Still early morning.  But it's a weekend morning and the day is already underway.  Imperceptibly we’ve passed the solstice and I allow myself to perceive that every day now will get longer and longer.  Perhaps I’m a simpleton, but I’m really glad this is the case.  And yes, I get just a little bit sad, when they all start getting shorter again every June. 
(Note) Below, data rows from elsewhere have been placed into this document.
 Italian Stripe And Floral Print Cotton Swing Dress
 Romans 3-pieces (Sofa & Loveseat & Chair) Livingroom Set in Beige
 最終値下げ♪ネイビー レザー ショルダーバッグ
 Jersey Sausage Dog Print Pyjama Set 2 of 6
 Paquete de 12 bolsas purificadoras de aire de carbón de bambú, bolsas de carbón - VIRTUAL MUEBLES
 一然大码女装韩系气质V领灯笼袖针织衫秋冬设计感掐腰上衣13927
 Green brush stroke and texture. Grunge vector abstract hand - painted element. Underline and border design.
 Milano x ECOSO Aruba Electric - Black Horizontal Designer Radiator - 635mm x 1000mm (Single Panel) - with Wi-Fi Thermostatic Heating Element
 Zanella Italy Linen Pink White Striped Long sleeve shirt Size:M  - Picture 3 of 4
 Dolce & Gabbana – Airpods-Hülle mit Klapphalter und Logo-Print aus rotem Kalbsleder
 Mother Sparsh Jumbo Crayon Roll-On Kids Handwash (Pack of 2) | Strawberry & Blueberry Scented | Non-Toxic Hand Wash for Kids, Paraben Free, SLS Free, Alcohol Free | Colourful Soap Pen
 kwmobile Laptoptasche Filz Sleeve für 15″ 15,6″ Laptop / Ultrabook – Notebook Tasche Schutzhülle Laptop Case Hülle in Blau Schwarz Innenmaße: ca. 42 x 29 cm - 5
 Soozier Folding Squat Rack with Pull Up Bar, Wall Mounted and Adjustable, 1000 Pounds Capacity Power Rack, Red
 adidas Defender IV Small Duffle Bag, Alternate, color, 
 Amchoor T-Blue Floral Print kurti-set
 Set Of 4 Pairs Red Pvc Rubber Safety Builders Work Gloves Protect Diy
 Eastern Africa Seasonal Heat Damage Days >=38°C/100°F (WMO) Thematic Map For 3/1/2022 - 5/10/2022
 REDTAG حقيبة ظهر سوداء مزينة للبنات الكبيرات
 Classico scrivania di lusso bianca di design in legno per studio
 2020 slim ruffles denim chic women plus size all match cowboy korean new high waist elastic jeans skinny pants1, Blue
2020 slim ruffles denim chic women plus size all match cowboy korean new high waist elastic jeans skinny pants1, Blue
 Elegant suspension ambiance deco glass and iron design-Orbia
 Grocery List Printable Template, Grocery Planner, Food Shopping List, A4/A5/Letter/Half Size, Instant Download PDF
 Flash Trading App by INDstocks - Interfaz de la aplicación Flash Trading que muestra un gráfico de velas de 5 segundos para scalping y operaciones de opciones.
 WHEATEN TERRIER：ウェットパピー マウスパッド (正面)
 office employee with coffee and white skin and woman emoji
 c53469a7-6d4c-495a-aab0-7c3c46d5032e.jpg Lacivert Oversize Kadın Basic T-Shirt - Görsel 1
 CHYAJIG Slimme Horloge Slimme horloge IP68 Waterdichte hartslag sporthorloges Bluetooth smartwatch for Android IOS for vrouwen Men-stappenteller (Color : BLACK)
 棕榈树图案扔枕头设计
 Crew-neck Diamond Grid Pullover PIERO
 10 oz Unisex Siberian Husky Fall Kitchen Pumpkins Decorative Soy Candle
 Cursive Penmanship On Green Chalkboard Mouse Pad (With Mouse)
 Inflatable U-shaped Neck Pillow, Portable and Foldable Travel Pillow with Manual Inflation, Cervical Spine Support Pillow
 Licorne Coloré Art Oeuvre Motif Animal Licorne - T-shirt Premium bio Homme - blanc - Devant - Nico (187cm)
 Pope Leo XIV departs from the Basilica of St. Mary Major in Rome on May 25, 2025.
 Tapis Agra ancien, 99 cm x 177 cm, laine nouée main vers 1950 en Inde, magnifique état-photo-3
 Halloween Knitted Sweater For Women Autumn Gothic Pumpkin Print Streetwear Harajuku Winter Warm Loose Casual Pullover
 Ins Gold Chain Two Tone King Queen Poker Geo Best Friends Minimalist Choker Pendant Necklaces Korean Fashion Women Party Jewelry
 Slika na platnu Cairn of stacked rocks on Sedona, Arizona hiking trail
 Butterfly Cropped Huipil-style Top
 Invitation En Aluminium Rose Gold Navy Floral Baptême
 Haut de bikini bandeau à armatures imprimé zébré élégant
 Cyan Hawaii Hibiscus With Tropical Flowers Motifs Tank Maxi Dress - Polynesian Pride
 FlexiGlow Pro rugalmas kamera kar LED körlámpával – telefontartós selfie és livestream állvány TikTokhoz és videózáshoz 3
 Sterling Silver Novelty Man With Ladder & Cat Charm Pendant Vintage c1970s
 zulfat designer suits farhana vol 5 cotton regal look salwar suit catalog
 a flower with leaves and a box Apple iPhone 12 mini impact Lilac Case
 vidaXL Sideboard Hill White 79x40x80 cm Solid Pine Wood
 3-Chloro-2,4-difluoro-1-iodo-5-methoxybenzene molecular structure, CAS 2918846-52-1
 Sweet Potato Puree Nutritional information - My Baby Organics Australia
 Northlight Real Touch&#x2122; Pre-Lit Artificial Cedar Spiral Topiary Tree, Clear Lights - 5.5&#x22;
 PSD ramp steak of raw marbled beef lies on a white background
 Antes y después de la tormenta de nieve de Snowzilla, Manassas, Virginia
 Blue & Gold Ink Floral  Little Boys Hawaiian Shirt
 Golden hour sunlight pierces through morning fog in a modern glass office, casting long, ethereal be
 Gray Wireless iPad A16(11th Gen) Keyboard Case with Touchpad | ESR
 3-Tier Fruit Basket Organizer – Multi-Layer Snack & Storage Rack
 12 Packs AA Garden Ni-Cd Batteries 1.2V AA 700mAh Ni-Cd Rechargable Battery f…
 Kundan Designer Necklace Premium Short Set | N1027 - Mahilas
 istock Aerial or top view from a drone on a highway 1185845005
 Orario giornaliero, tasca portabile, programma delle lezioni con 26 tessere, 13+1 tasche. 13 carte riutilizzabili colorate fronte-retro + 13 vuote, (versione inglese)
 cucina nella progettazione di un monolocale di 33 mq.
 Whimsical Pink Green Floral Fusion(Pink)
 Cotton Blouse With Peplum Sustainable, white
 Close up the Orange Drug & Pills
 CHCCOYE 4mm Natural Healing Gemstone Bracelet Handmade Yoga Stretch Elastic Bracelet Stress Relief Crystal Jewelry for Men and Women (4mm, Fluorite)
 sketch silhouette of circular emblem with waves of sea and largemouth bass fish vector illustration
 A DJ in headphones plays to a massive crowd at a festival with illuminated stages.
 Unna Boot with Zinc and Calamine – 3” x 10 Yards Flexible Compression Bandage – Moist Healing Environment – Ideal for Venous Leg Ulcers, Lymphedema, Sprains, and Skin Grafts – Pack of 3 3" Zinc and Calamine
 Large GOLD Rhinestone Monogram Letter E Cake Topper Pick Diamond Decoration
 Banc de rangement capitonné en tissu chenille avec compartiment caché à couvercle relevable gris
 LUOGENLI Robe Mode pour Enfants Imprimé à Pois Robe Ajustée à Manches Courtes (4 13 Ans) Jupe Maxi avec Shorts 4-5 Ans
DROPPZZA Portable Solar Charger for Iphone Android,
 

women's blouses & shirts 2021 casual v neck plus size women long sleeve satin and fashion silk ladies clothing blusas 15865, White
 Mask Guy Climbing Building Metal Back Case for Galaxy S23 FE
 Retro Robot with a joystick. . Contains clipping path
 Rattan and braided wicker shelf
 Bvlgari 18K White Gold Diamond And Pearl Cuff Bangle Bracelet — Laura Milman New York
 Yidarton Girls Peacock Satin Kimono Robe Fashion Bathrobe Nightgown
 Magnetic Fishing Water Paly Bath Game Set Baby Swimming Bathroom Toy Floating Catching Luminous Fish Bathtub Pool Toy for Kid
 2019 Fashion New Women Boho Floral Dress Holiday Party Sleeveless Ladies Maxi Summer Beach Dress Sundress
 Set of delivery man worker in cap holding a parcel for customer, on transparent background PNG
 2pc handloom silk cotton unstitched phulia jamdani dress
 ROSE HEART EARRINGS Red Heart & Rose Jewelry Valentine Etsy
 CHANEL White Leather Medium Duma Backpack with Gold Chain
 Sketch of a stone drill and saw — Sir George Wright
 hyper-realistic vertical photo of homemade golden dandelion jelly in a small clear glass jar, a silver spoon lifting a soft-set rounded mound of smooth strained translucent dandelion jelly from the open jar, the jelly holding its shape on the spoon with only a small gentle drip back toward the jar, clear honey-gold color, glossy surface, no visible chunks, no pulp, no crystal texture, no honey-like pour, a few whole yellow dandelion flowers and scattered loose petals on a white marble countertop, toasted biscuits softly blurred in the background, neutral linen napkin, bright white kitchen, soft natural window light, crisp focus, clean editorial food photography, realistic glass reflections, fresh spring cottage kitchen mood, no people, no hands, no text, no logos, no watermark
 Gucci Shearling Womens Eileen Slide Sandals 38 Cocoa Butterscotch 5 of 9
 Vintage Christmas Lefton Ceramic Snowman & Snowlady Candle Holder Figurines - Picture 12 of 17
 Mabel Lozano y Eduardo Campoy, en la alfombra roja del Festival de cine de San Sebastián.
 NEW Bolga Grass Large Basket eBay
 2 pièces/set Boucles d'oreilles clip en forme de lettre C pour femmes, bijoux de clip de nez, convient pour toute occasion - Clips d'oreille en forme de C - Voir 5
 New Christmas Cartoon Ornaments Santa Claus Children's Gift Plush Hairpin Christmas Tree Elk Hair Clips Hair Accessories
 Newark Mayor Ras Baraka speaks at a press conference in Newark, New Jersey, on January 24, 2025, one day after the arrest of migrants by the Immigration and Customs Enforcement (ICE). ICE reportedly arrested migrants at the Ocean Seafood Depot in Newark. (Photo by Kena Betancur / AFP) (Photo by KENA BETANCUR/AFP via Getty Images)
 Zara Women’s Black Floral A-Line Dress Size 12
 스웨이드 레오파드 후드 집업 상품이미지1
Christmas is coming.  Appropriately perhaps, I was reading the “Magicians Nephew” with my younger one.  This is the first of the Narnia books.  The one right before the famous “Lion, the Witch and the Wardrobe.” (‘TLTWATWD’)  C. L. Lewis wanted the series to be a Christian parable and in the last few minutes we’ve gone through the creation of the world with the little nephew, his friend and a host of others all cast for the first time, into Narnia.  http://en.wikipedia.org/wiki/C._S._Lewis




I remember being enamored with the series as a kid and then feeling cheated somehow, realizing that there was a subliminal Christian message that ran throughout.   The Lion as Christ who sacrifices himself to a Witch that is Lucifer.  It all feels a bit predictable when I watched the movie version with my girls, eight or nine times in a row, a few years back.  They get emotional when the Lion sacrifices himself and you try to explain the metaphor but it doesn’t work and its all a bit of an intrusion on the narrative.  This first book I’m pretty sure I’d never read before.  I think I’d launched in as a twelve year old or so with the second book, ‘TLTWATWD.’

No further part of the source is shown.